A powerful Texas Senate committee on Monday unveiled and quickly voted out a major overhaul to the state’s employee pension plan.
Senate Bill 321 by state Sen. Joan Huffman, R-Houston, would enroll new employees eligible for the Texas Employees Retirement System in a cash balance plan — similar to a common 401(k) retirement account — instead of the traditional, defined benefit pension plan. The Senate Finance Committee approved the measure by a vote of 13-0, with Democratic state Sen. Royce West of Dallas voting present.
Traditional pensions are calculated based on a set formula that considers factors such as length of employment and salary history. Huffman’s proposed change would mean employees’ accounts would instead be credited with a set percentage of their annual compensation plus interest.
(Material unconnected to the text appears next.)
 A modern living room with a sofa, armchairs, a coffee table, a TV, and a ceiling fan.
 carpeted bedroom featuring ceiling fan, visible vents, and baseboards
Huffman said the change is necessary to ease the financial burden on the state and create a sustainable retirement plan for state employees. Texas’ pension fund faces a $14.7 billion shortfall, she said.
“This is a financial problem that will not go away without legislative action,” Huffman said.
The proposal would only affect state employees hired after Sept. 1, 2022. New workers would be required to contribute 6% of their pay to the retirement account, down from the 9.5% required of current state employees. It would guarantee 4% annual interest with a gainsharing provision that could boost interest as high as 7%. Gainsharing is a method by which employees receive additional compensation if they meet certain, predetermined benchmarks. The current state pension plan has a return target of 7%, but senators pointed out that it has fallen short of that goal in recent years.
Law enforcement employees and custodial workers would contribute an additional 2% of their earnings to a separate fund, as current workers in those roles do. They would also be eligible for the 4% guaranteed interest.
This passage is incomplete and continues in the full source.